While slightly degrading performance with an increasing table size is expected, the transaction rate drop after exceeding the number of available cores is pretty severe and likely needs some more investigation. The server itself still had plenty of idle time (around 30% at the lowest time which also corresponds to the highest transaction rates at 12/16 connections).
The following graph shows a comparision between the different protocol choices available. "simple" is the default mode for pgbench, where as "prepared" is the same as "extended" but uses prepared statements. This tests used a scale factor of 100(as in 10M rows).
Using prepared statements is clearly of great help for this kind of workload but it is worth mentioning that even in the fastest case of 115000 tps with 8 clients the server still showed ~50% of idle time. I'm not sure why the performance does not increase with 12 and 16 connections yet but it seems clear that we are looking at some scaling issue withing pgbench too.
To validate this theory I also did some testing using sysbench. The following sysbench numbers were generated using --oltp-read-only=on and --db-ps-mode=auto. A table size of 10M rows and a maximum runtime of 240 seconds was used for both pgbench and sysbench.
It is important to stress that the schema and the queries sysbench uses are more complex than what pgbench does so this is a bit of an apples to oranges comparison. The default schema for sysbench uses two char() columns which do have a noticable overhead so I added a run with those columns changed to varchar().

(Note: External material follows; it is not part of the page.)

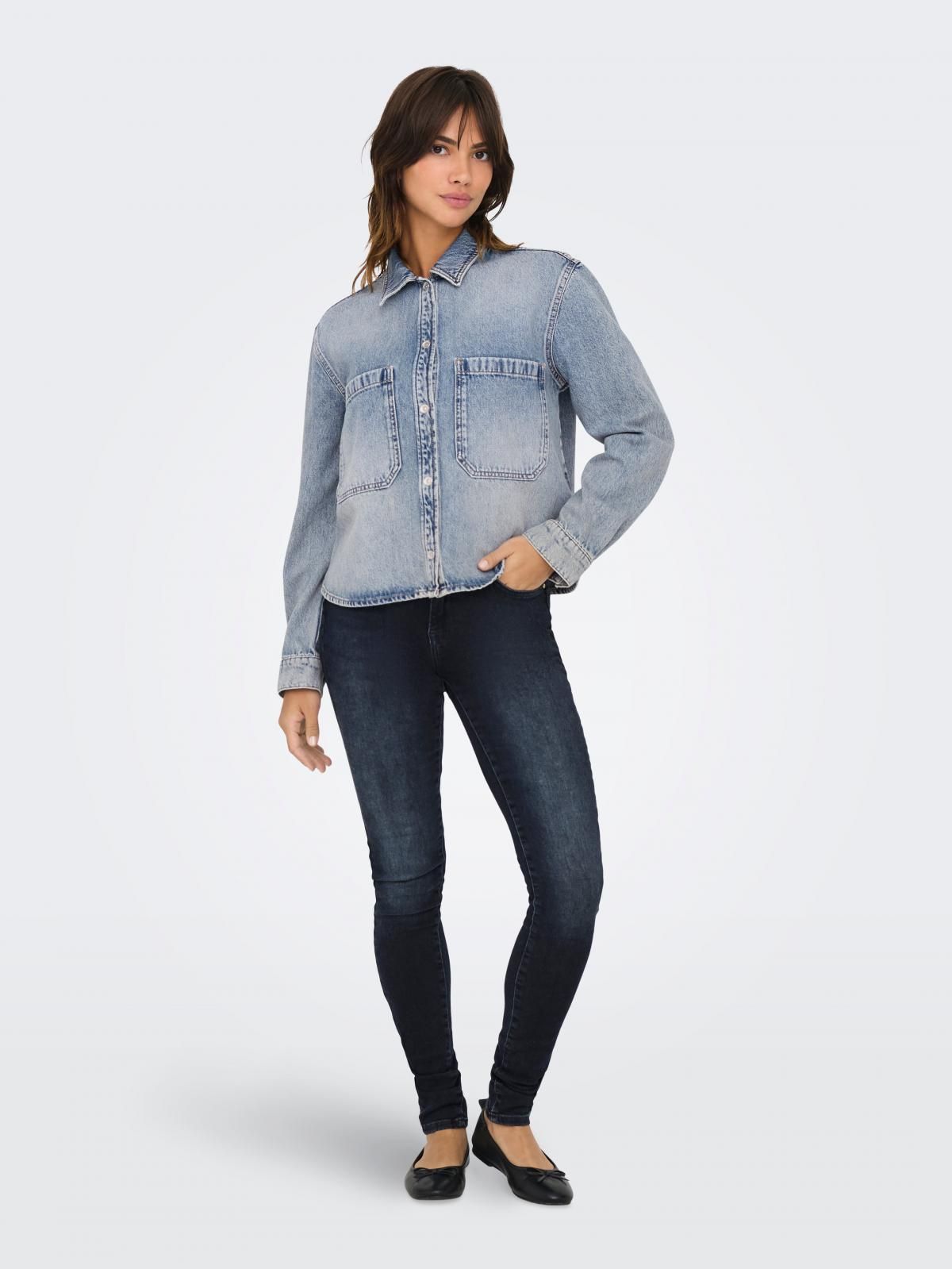 온리 오버사이즈 데님 셔츠 캐주얼 코튼 15329891_2116 BLUE / LIGHT BLUE DENIM - 상세 이미지 5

The sysbench results show a pretty different picture from the pgbench results. The system is using all the CPU and hitting no noticable scaling issues if the number of connections exceeds the number of cores/threads available.
Display comments as (Linear | Threaded)
Hi Stefan, Could you retest it with pgbench in another machine? As you said, the scaling problems is a known issue in pgbench. IIRC you posted this same analysis for 8.3; is it the same machine? Could you show us the comparison? Thanks for testing.
at this transaction rates (ie up to 140000 queries/s) the additional latency involved in going over tcp/ip from another box is significant and seems to hide some of the pgbench issues. However I will see if I can get some numbers as well.
given that the server has 34GB of RAM would you consider allocating more memory to shared buffers? I would try 5-7GB. This setting most likely wouldn't change the test results and I know that it's very often advised to keep shared buffers small, but given the amount of RAM available nowadays and efficiency of nehalem architecture (i.e. built-in memory controller and fasr QPI bus) I would be interested to see if more memory dedicated to shared buffers is appropriate. thanks.
The largest database test set used here (scale=100, about 1.6GB) is smaller than the 2GB shared_buffers already allocated. Giving it more RAM will just slow things down unless the working set of data is also increased.
the first chart actually contains numbers at scale=1000 which I actually did to see if shared_buffers less than the size of the database would have a noticable effect in this scenario.
To overcome pgbench scalability limit, I'd advice using tsung. Bug me when you see me there on IRC if you want me to help through setting up the client etc. With modern Erlang version (stable and all), you can have 50 000 concurrent TCP connected clients without a problem, you typically run out of TCP ports before erlang scalability level is reached, I've been told by tsung author.